[Source material]

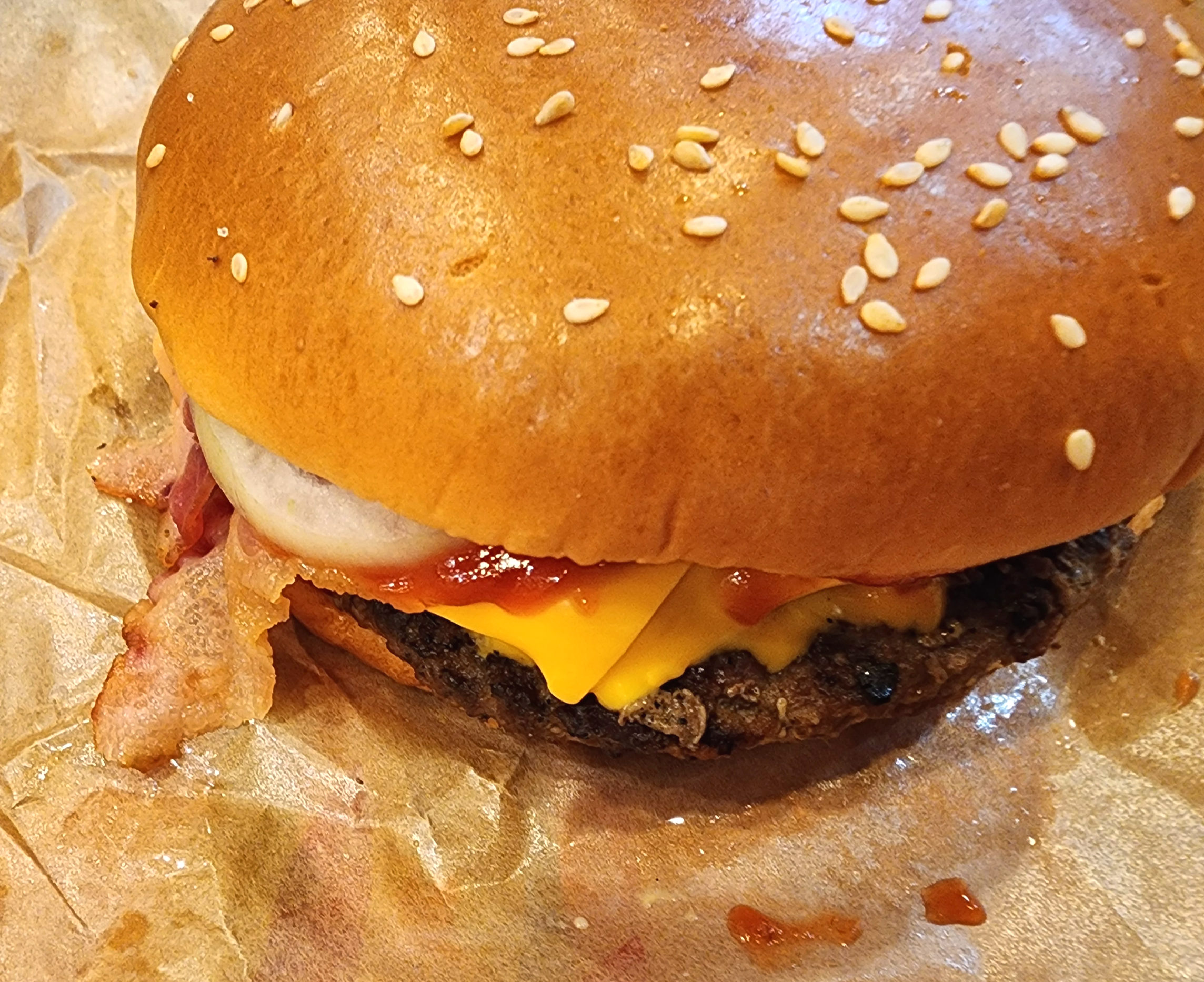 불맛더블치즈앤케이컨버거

...

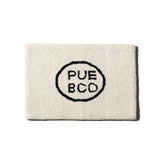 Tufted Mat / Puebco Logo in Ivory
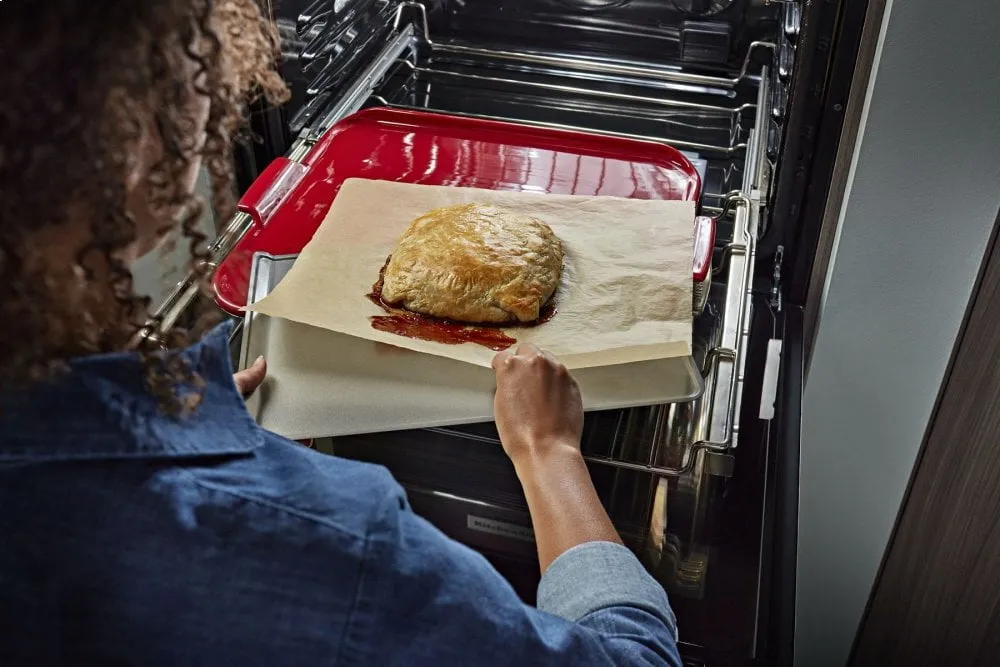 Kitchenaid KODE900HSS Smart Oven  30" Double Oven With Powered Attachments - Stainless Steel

[What is required]
Starting at the line containing "Tufted Mat / Puebco Logo in Ivory" and stopping at the line containing "Kitchenaid KODE900HSS Smart", output each line exactly as it appears above. Leave out the pictures.

[Task output]
 Tufted Mat / Puebco Logo in Ivory
 Kitchenaid KODE900HSS Smart Oven  30" Double Oven With Powered Attachments - Stainless Steel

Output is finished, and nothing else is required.